Calculate a 95% confidence interval for the difference in proportion of fast zombies that successfully bite someone compared to the proportion of slow zombies that successfully bite someone, given the following data:

16 of 26 tracked fast zombies bit someone before being killed

32 of 44 tracked slow zombies bit someone before being killed

You should find that, given these data, we are 95% confident that the difference in bite rates is between -0.117 and 0.341 (with negative meaning fast zombies have higher proportion successfully biting and positive meaning slow zombies bite successfully more often).

## 24.5 Working from data

Often, we will be working from data files that are already in the computer. For these, the process is identical, except that we can select the data for our initial vectors, rather than typing it in.

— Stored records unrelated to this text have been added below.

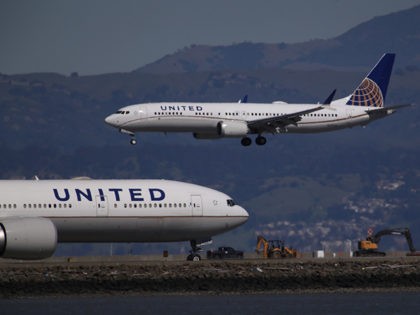 BURLINGAME, CALIFORNIA - MARCH 13: A United Airlines Boeing 737 Max 9 aircraft lands at San Francisco International Airport on March 13, 2019 in Burlingame, California. The United States has followed countries around the world and has grounded all Boeing 737 Max aircraft following a crash of an Ethiopia Airlines …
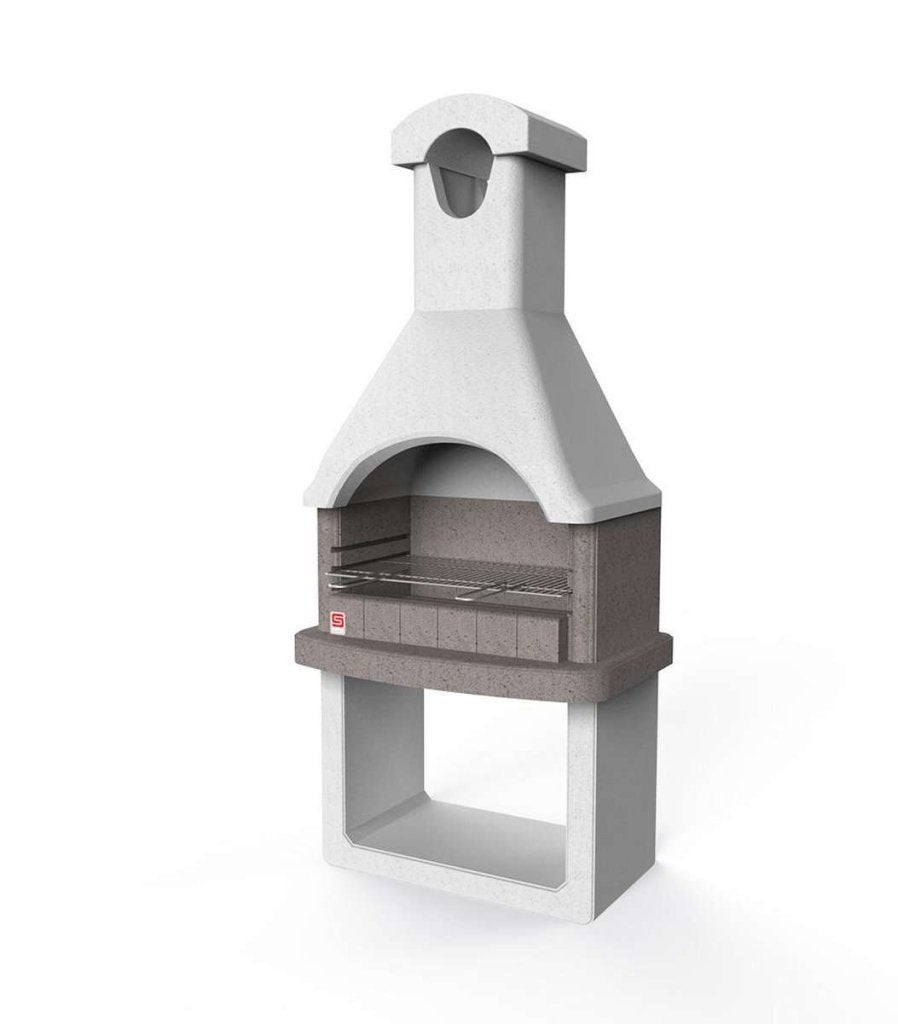 Sarom Fuoco -Betonnen barbecue - Columbia - 88 x 58 x 197 cm, Nieuw, Sarom Fuoco, Info@strabox.nl, Sarom Fuoco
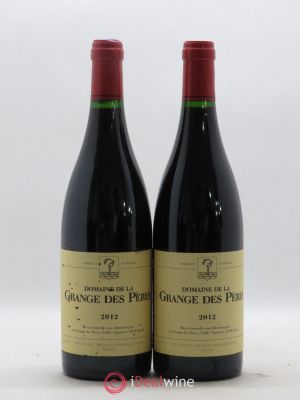 IGP Pays d'Hérault Grange des Pères Laurent Vaillé  2012 - Lot of 2 Bottles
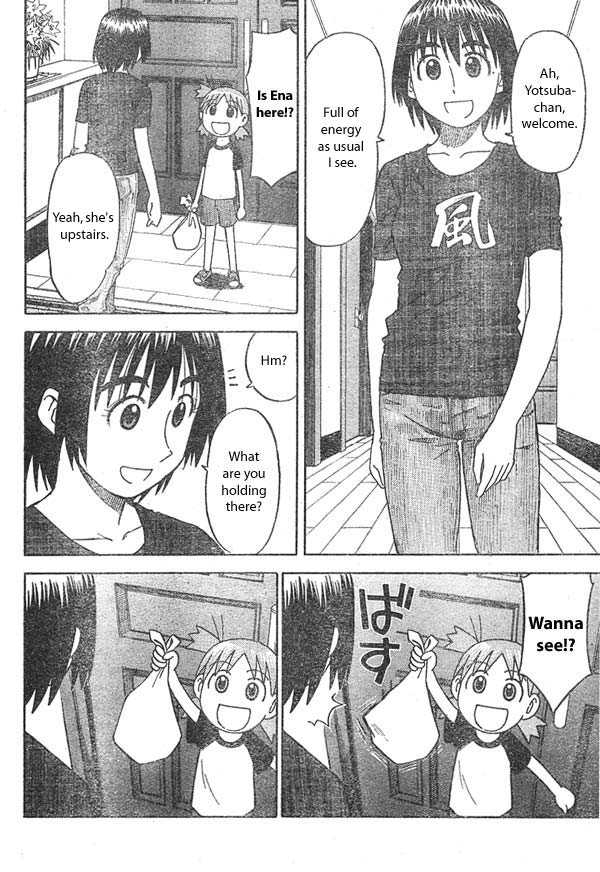 Read Yotsubato! en Manga Online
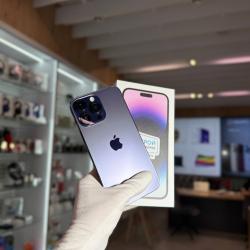 Смартфон Apple iPhone 14 Pro Max 128Гб темно-фиолетовый б/у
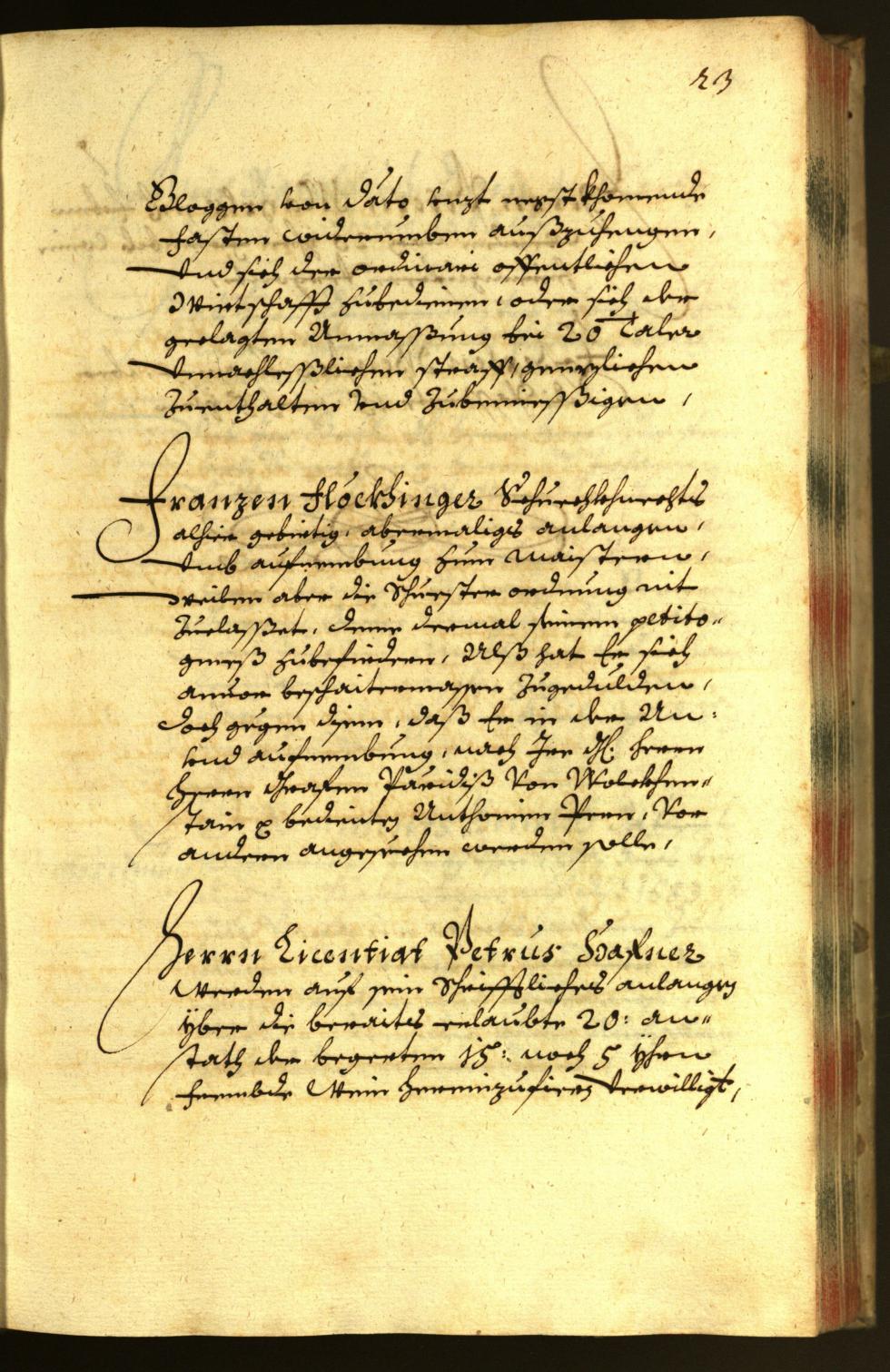 Stadtarchiv Bozen - BOhisto Ratsprotokoll 1683 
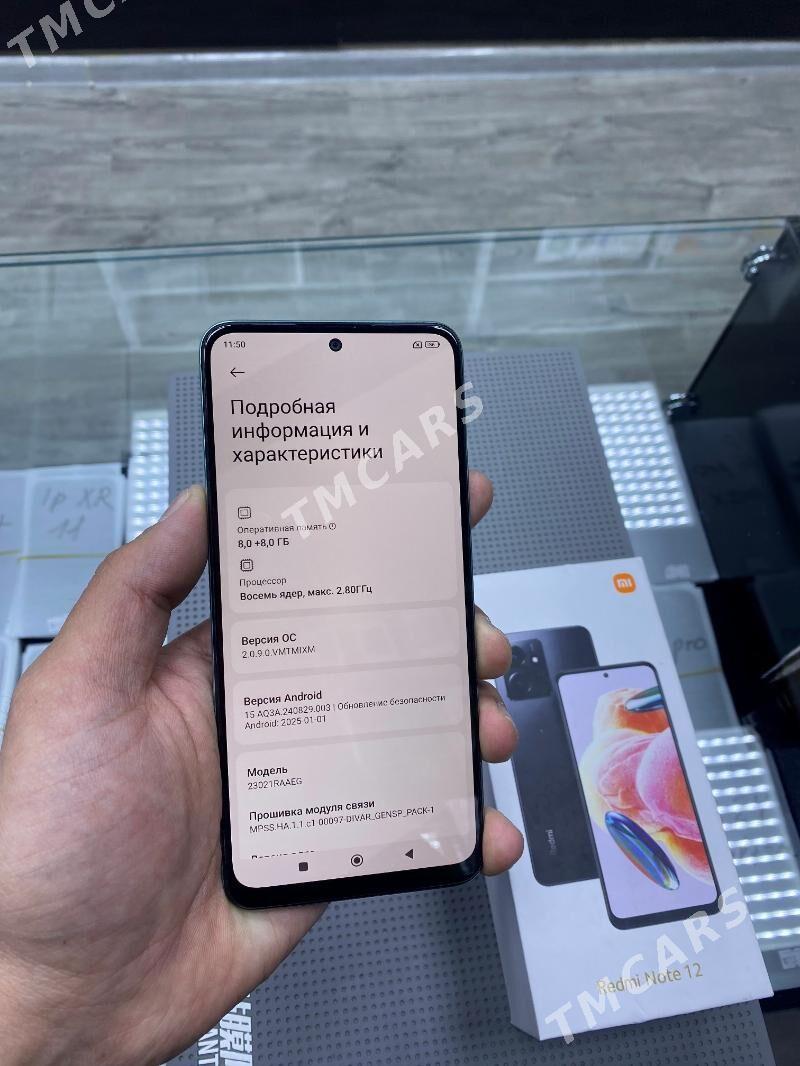 Redmi note 12 8/256 - Aşgabat - img 3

As an example, we can use the icu data to ask about the difference in the proportion of men and women that die in the ICU. First, we select the data for each group:

# Save the data
maleStatus <-   icu$Status[icu$Sex == "male"]
femaleStatus <- icu$Status[icu$Sex == "female"]

From here, we can copy all of the code we used before, changing “Responses” to “Status”.

# Point estimate, copied
propMale <- mean(maleStatus == "died")
propFemale <- mean(femaleStatus == "died")

# Actual point estimate
propMale - propFemale
##  -0.01697793

Then, we estimate the standard error:

# Estimate SE
mySE <- sqrt(
( propMale * (1 - propMale) / length(maleStatus)) +
( propFemale * (1 - propFemale) / length(femaleStatus))
)

mySE
##  0.05869989

Finally, use qnorm() to calculate a margin of error here, we can use 99%:

# Mulitply by SE to get Margin of error
myME <- qnorm( c(0.005,0.995) ) * mySE
myME
##  0.1512009

and then find the confidence interval:

# Calculate CI by adding/subtracting ME from mean
(propMale - propFemale) + myME
##  -0.1681788  0.1342230

Thus, we are 99% confident that the true difference in the proportion of patients that die between men and women is between -0.168 and 0.134.

### 24.5.1 Try it out

Calculate a 90% confidence interval for the difference in the proportion of male and female patients that have been in the ICU before (column Previous == “yes”).

You should discover that we are 90% confident that the true difference in the proportion of patients that have a previous visit between men and women is between -0.144 and 0.033.